The present invention relates generally to food preparation devices and, more particularly, to a wok support ring and other devices for reducing the amount of lifting and physical effort needed to moving a wok during cooking.
A wok is generally in the form of a bowl like utensil in which foods are rapidly cooked while being stirred. A wok generally has a curved interior and somewhat curved exterior surface and is primarily intended to be used with a flame or charcoal heat source as opposed to a heat source having a flat heat transferring surface, particularly those of smooth top electric stove heating surfaces. Moreover, the smooth cooking surface makes it possible to cook using a minimum amount of fats and oil since the food items to be cooked may be moved into the heated oil very easily.

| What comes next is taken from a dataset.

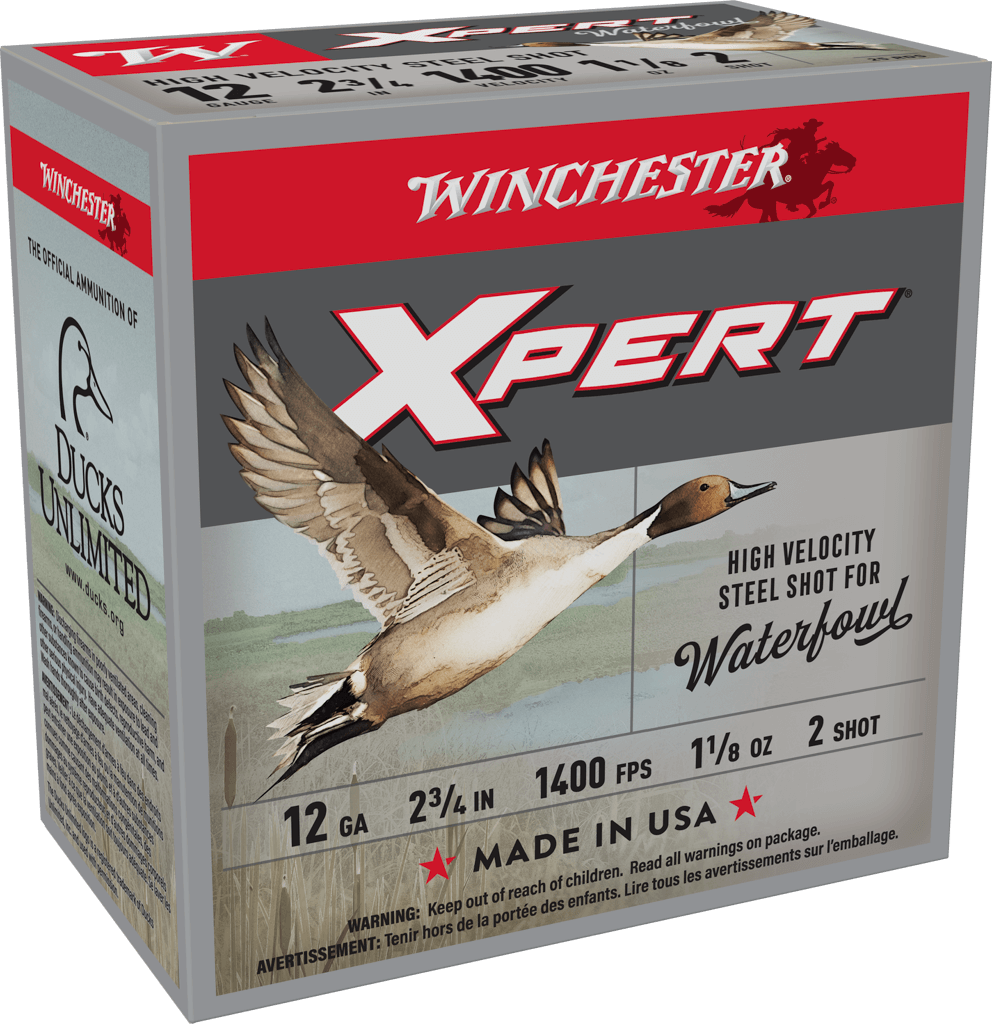 Winchester Ammo Super X Xpert H.V. Steel 12 Gauge 2.75 Inch 1-1/8 Ounce #2 Steel Shot 25 Rounds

Woks also are typically used for cooking for very short time periods at high heats. In a typical stir fry recipe, the cooking time can be four minutes or less. In addition to health benefits, the flavor in the food items, particular in vegetables, is substantially retained by the high temperature sealing of the surfaces. This allows the flavors and juices of the food items to remain inside for maximum concentration.
Since typical cooking with a wok requires the food to be subjected to high temperatures for short period of times, the high temperature requirement means that food will burn easily if not turned and folded frequently. Two typical methods for folding or turning the food items are either a rocking motion in which the wok is rapidly moved back and forth in a somewhat rocking motion, or through the use of utensils such as a spatula or spoon to fold and stir the food. A hybrid approach of rocking the wok while using the utensil is also known. All current methods of cooking with a wok requires a significant amount of skill and training.
Commercial cooking woks tend to be large and can become quite heavy when loaded with food. The weight and motion combine to make this style of cooking very difficult to execute. In a commercial setting, the worker must be trained for long periods of time to achieve quality results. Holding a heavy wok and moving it over the cooking flame can be quite difficult and may expose a worker to the risk of burns. Additionally, repetitive motion injuries to the wrist and hand can be experienced as well.
What has been needed is a device which can be used with a cooking wok that reduces the amount of skill and training required in order to make high quality of food while using a wok. Additionally, such a device should improve the ability of the worker to hold and handle the wok during cooking to help eliminate worker discomfort associated when moving the wok to fold and mix the food within the pan of the wok. The present invention disclosed herein satisfied these and other needs.